Enter the Random Forest

A Beginner Random Random Forest Tutorial

Spread the love

When I have a data project in mind and have no idea on where to start modeling, I will always use the Random Forest model. It is not because of its catchy name and the fact that I always misspell it as Rain Forest, it is quick, convenient, easy to understand and, it provides decent results. Isn’t it cool? Yes, it is! So we are going to discuss more Rain Random Forest details in this post.

What is Random Forest model?

First thing first, from the words of Random Forest, we know that this model is about a lot of trees (so is rain forest, that is why I keep linking rain forest as random forest…). And the “tree” in the Random Forest model is actually a decision tree. Let’s pick our Titanic Survivors project as an example, a decision tree should look like:

The advantage of using decision tree is its simplicity, we can observe the results graphically without having a statistics background. It is also very fast to build and test in development environment.

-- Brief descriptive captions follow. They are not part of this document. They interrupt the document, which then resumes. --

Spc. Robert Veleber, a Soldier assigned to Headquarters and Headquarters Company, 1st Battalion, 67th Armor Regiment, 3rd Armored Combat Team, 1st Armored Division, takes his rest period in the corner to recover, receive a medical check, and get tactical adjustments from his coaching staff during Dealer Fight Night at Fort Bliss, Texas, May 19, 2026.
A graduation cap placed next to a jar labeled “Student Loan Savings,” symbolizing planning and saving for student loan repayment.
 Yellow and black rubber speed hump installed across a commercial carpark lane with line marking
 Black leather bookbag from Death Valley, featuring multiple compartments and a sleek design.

Now we have a tree, then what’s next? We can’t call a place “forest” with just one tree. So the Random Forest model is a model that consists of many decision trees. You may hear “all men are created equal“, but in Random Forest,

All trees are created unequal

The decision trees in a Random Forest model are created randomly. The model splits a node among a random subset of features, then creates certain number of trees (depending on the model parameter, the default number of trees in sklearn Random Forest library is 10).

The rationales behind this setting are:

  1. making weak or uncorrelated sub-models for ensemble
  2. eliminating an overfitting issue on a tree model

Advantages of Random Forest

We have tried to use ensemble technique to get a better prediction on the Iowa House Prices project. The same thing happens in the Random Forest model, but this time, the model just does the ensemble itself. The RF model creates trees and calculates votes from each tree. Since those trees are less correlated, the RF model is able to reduce variance and find a better prediction through majority voting.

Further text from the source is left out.